A S S O C I A T I O N   OF   U N D E R W A T E R   E X P L O R E R S  

Date: Mon, 16 May 2005

AUE Weekend Trip Report, May 14-15 Mayport
Identification of the "Razor Wreck" as the steamer PECONIC

When one of my friends mentioned that he was planning on visiting Florida for a little vacation and wanted to do some diving, I knew I had my work cut out for me.  Knowing he was a wreck connoisseur, I naturally thought he might enjoy a nice dive on the USS SPIEGEL GROVE or the USCGC DUANE.  I was a bit taken aback at the violent nature of his negative response, so I hastily decided on a Plan B.  I mentioned that I knew about this little wreck off NE Florida that he might take a fancy to.  He had heard claims of virgin wrecks before, so naturally he was skeptical upon hearing the few details I knew about the site.  Fortunately he decided to humor me, and we found ourselves onboard the MISS DAISY to the unknown shipwreck known locally as the "Razor Wreck."

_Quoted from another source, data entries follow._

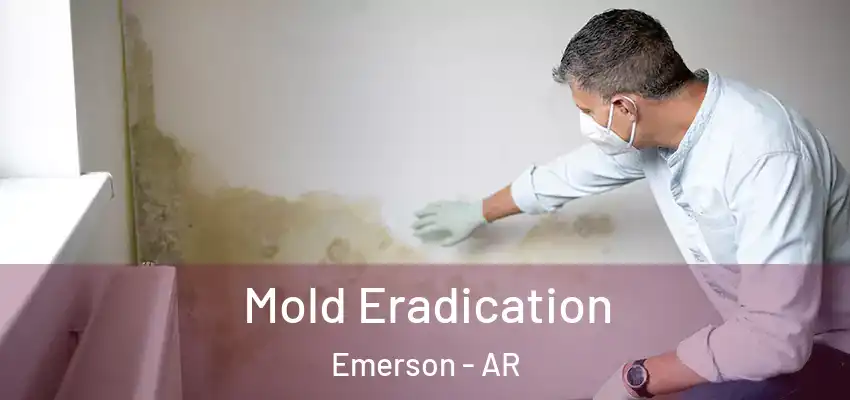 Mold Eradication Emerson - AR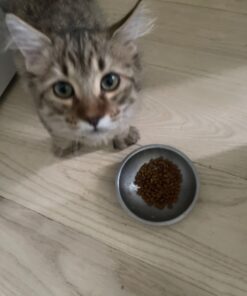 Royal Canin Feline Health Nutrition Kitten Dry Cat Food, 15 lb bag 15 Pound (Pack of 1) 29 718haiMdEGL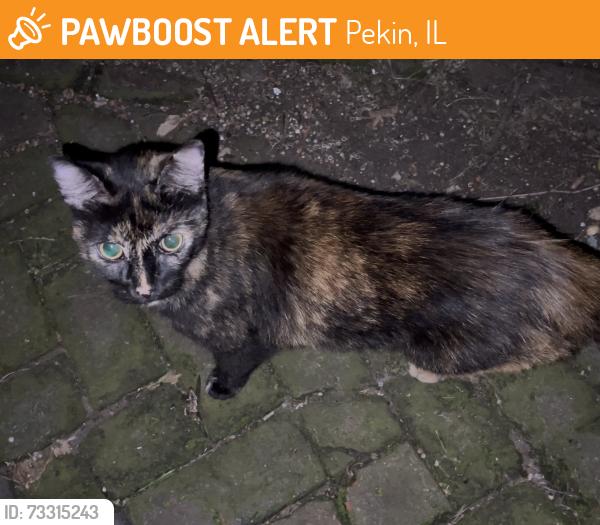 Found/Stray Unknown Cat last seen Washington Street, Pekin, IL 61554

In actuality, I had heard about this wreck from some local spearfishermen, and, based on the information at hand, I felt confident that it held great promise.  After gathering the scant details I could about the wreck, which basically amounted to the fact it was fairly large, was a steamer, and there was an abundance of coal on and around the site, I hit my files.  I soon came across a wreck that was highly suspect -- the SS PECONIC.  The PECONIC, a 270-foot long English steamer, was built in 1881.  In August 1905, while carrying a cargo of coal, she encountered a violent storm off the eastern seaboard.  Fearing she was too close to the coast, she attempted to turn seaward but was slammed by a monstrous wave.  She was quickly consumed by the sea, with only two crew making it off the ship before she rolled over and slipped beneath the surface.  The two survivors reached shore in a lifeboat the next morning, landing on Amelia Island.

I had been trying to get out to this wreck for over a year, but grew despondent after numerous cancellations due to foul weather.  Finally, our patience was rewarded on a beautiful May weekend. 

Reaching the site, I grew a little worried when I saw the depth on the bottom sounder.  Fearing for my friend's safety, I discussed the logistics of this highly technical dive with the team.  Since he was from up north, and probably unaccustomed to all the perils that our waters possessed, I made sure he was not hesitant in following me into the Atlantic.  While I saw a little trepidation in his eyes, after a quick self-affirmation he declared that he was up to the challenge.  Being the southern gentleman that I am, I encouraged my Yankee friend with his newfound bravery to partake of the cool Atlantic before me.  I still needed to prepare my camera, and felt that the interval would allow him sufficient time to travel the staggering distance to the bottom, recover from the vigorous workout, and deal with his inner fears of dangerous sea monsters. 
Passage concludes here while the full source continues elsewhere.